For better or worse, a significant number of people have come to regard the Pulitzer Prizes as the American news media's annual report card.

Thus, more than a few brows were arched this week when not a single award in a print category went for journalism of any sort connected to the ongoing war in Iraq.

"Of any sort," we soon learn, somehow does not include photography (two Pulitzers were awarded for Iraq-related pictures).

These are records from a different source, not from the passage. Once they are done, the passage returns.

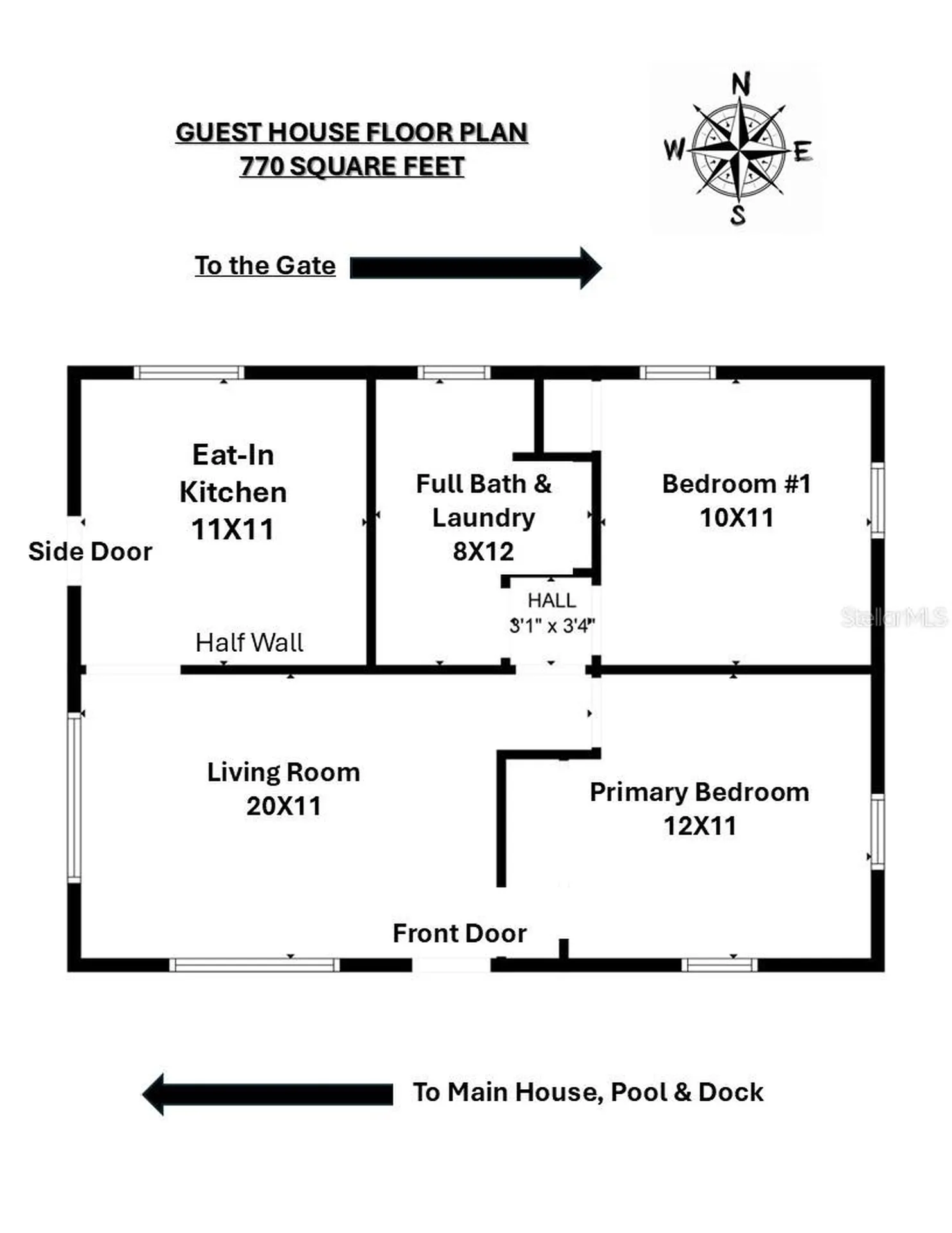 471 Bayshore Road Nokomis FL 34275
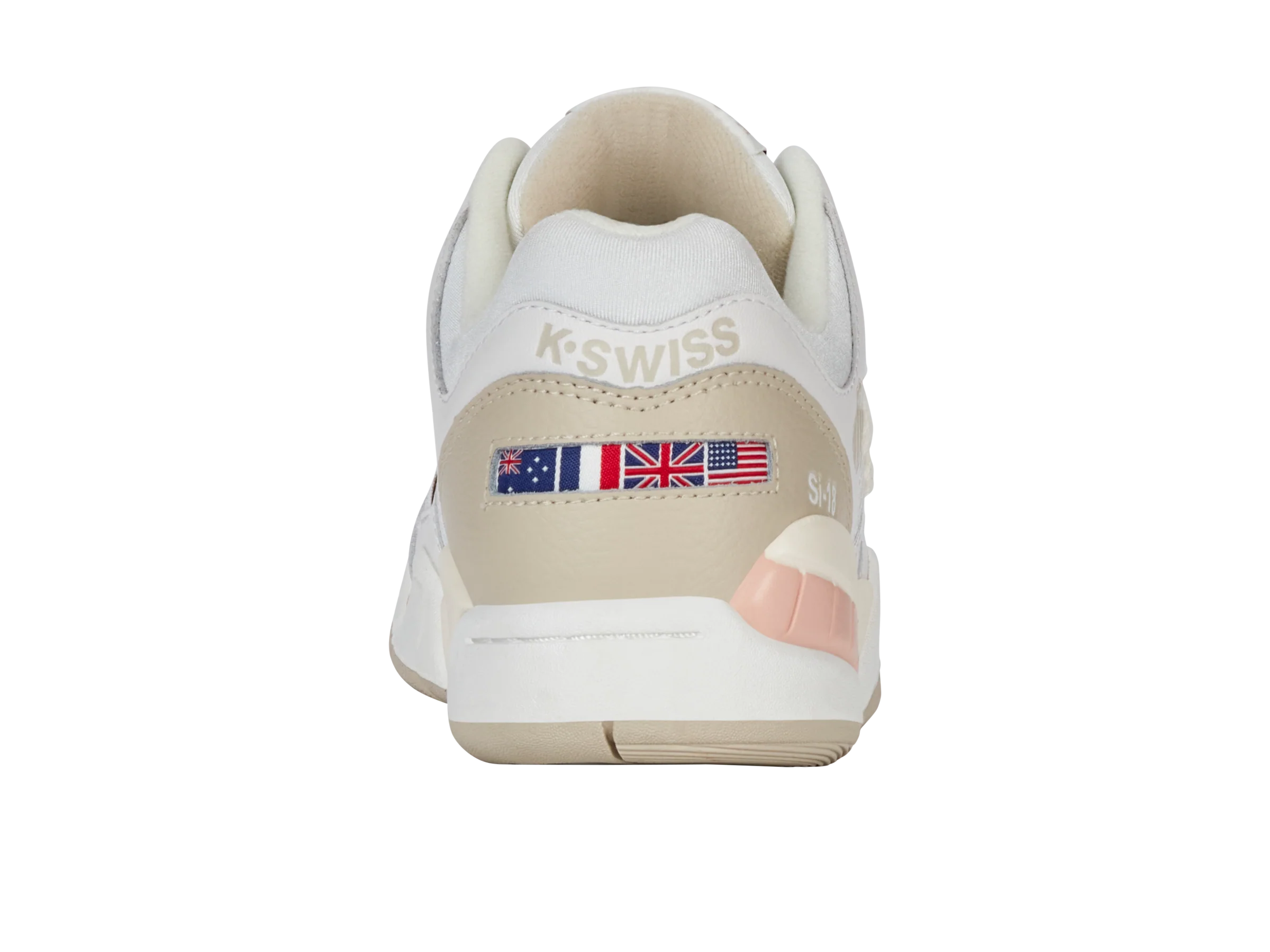 94440-122-M | SI-18 INTERNATIONAL C | BRILLIANT WHITE/OATMEAL/CAMEO ROSE - Image 4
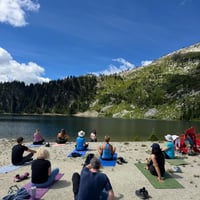 Mountain Soul Retreat! A Yoga Retreat at Big White!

Anyway, Rutten buries his lede. Implicit in his thesis is that the awards should somehow be tied to political events, not necessarily to the best individual pieces of journalism. In other words, political considerations should matter in judging ostensibly non-political work. He then compares the Pulitzer count from Iraq and Vietnam, and includes this revealing passage about Prize-winner (and insufferable baseball nostalgic) David Halberstam:

Obviously the U.S. had been deeply involved in Vietnam and elsewhere in Southeast Asia before the Pulitzer board chose to recognize any of the journalism concerning that intervention. As Halberstam said this week, "There was a generational fault line that had to be bridged before the Pulitzer juries or board felt comfortable in honoring any of the work being done in Vietnam. I know that when I won mine, there was a strong sentiment among some people that the board was taking sides against the Johnson administration. I know Scotty [Reston, then the New York Times' associate editor] did some pretty good arm-twisting on my behalf."

Less reason than ever to give a hoot about the news industry's Oscars. Meanwhile, I'm still waiting for Halberstam's The Re-Reckoning, where he revisits his mid-'80s scare-tract about how the Japanese economy was on the verge of Pearl Harboring ours into submission.